Tamara Funiciello et Anna Rosenwasser s'empressent de réagir. «C’est passé», annoncent-elles à tour de rôle sur Instragram, visiblement émues. Tamara Funiciello cache brièvement son visage dans ses mains. Anna Rosenwasser, elle, doit carrément sécher ses larmes.

Critique de la campagne

L’enthousiasme est loin d’être partagé par tous. Dans les jours qui suivent, Tamara Funiciello essuie de vives critiques. «N'est-ce pas beaucoup de bruit pour rien?», s'interroge le «Tages-Anzeiger». Certains lui reprochent un coup de communication, estimant qu’il était prévisible que le Conseil des Etats accepterait le million supplémentaire, d’autant que la proposition d’augmentation originale émanait précisément de cette chambre.

Il n'empêche: le soutien dont bénéficie la demande de moyens additionnels transcende largement les clivages partisans. Le groupe des femmes du Parti libéral-radical, par exemple, réclame dans un communiqué un renforcement des fonds destinés à la prévention des violences.

Vif débat au sein de la droite

Sa présidente, la conseillère nationale zurichoise Bettina Balmer, n'a pas hésité une seconde à voter en faveur du million supplémentaire. Elle l'assure: ce montant reste largement compatible avec le frein à l’endettement.

Face à la hausse des féminicides, l’Etat a, selon elle, le devoir de soutenir des solutions efficaces et abordables. «En tant que médecin, je ne peux pas cautionner des dépenses qui sont superflues pour le vin, mais je peux cautionner des dépenses qui ne le sont pas en ce qui concerne la lutte contre les violences faites aux femmes», affirme-t-elle. Elle entend défendre ce million supplémentaire au sein de son groupe parlementaire.

Débat animé

Bettina Balmer, en revanche, critique la manière dont la pression a été exercée ces derniers jours. Par le passé, d'autres différends ont démontré que la politique pouvait fonctionner sans escalade. «Il n’est pas nécessaire d’intimider qui que ce soit pour trouver des solutions», martèle-t-elle. Ses collègues au Parlement ont, dit-elle, été «pratiquement inondés» de courriels après l'appel lancé par les deux élues socialistes.

La virulence du débat transparaît aussi dans les termes employés par Bettine Balmer pour qualifier la pression émanant de la gauche: «C’est disproportionné et cela s’apparente à un viol psychologique.»

D'autres parlementaires critiquent vivement la nature de la mobilisation. Le conseiller aux Etats PLR Andrea Caroni a notamment déclaré à Blick que le déluge de courriels était comparable aux méthodes «des pirates russes». Avant d'évoquer du «cybermobbing contre le Parlement» chez nos confrères de CH Media. La conseillère aux Etats du Centre Andrea Gmür-Schönenberger a pour sa part expliqué à la SRF que si elle n'avait pas déjà soutenu la demande, elle aurait «presque pu encore voter le contraire par dépit.»

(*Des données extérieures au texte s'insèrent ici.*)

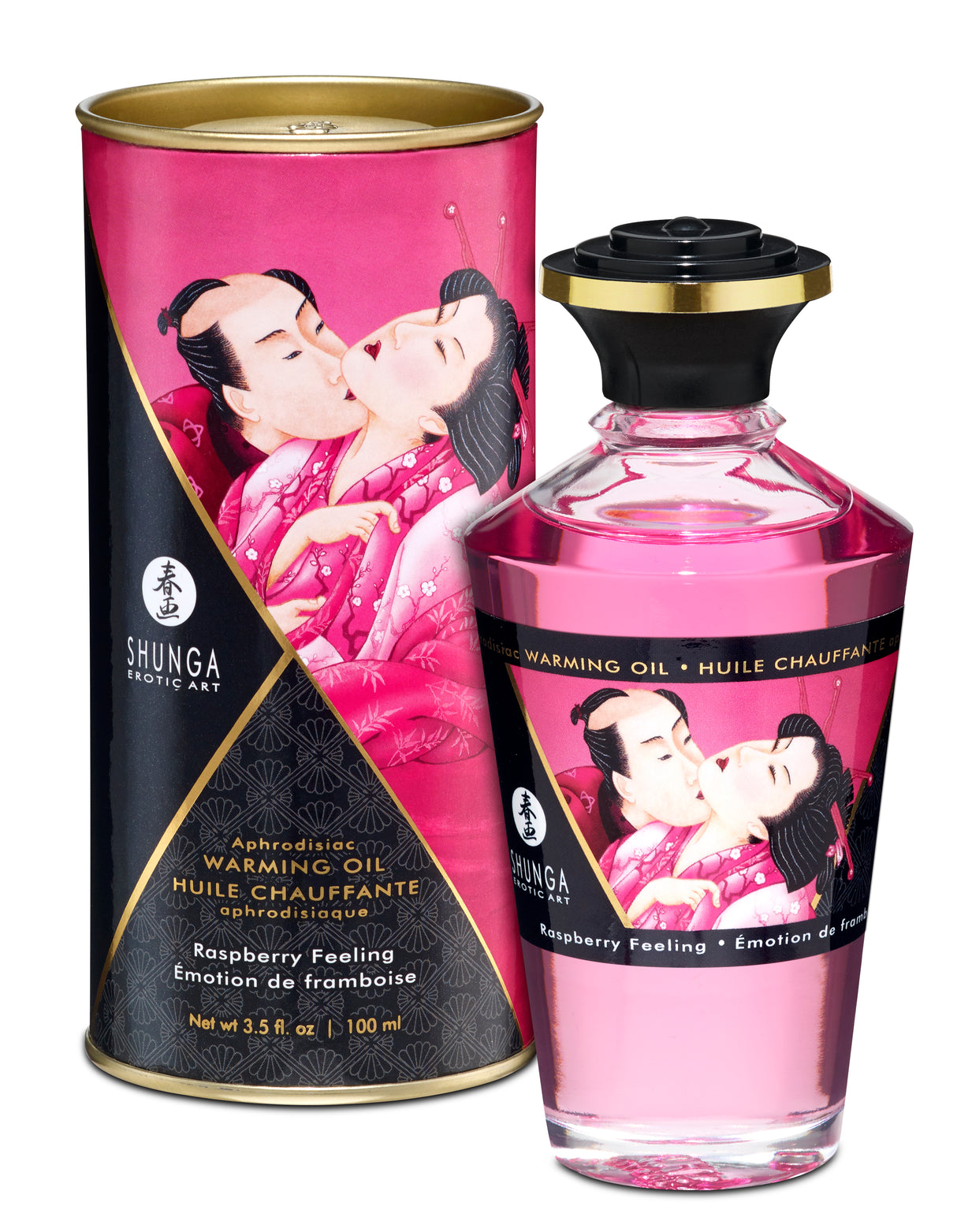 Shunga Aphrodisiac Warming Oil — Raspberry Feeling, 100 mL - SHU2201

Retour au Conseil national

Ces arguments ne sont pas du goût d'Agota Lavoyer, qui a vivement réagi sur ses réseaux sociaux en assurant qu’il s'agissait là d’un cas classique de tone policing: plutôt que de débattre de la prévention des violences, on a préféré s'indigner des courriers reçus et accuser Tamara Funiciello de mise en scène personnelle.

L'élue socialiste est pour sa part intevenue une nouvelle fois sur Instagram, pour rappeler à quel point ce refus lui semblait incompréhensible, au regard notamment de la faiblesse du crédit demandé et de l'urgence d'agir face à la hausse du nombre de féminicides.

Quel que soit l’issue du processus parlementaire, l’appel du PS a déjà recueilli plus de 480’000 signatures. Le Conseil national se prononcera une nouvelle fois lundi. Les observateurs s’attendent à ce qu’il approuve cette fois l’augmentation des moyens.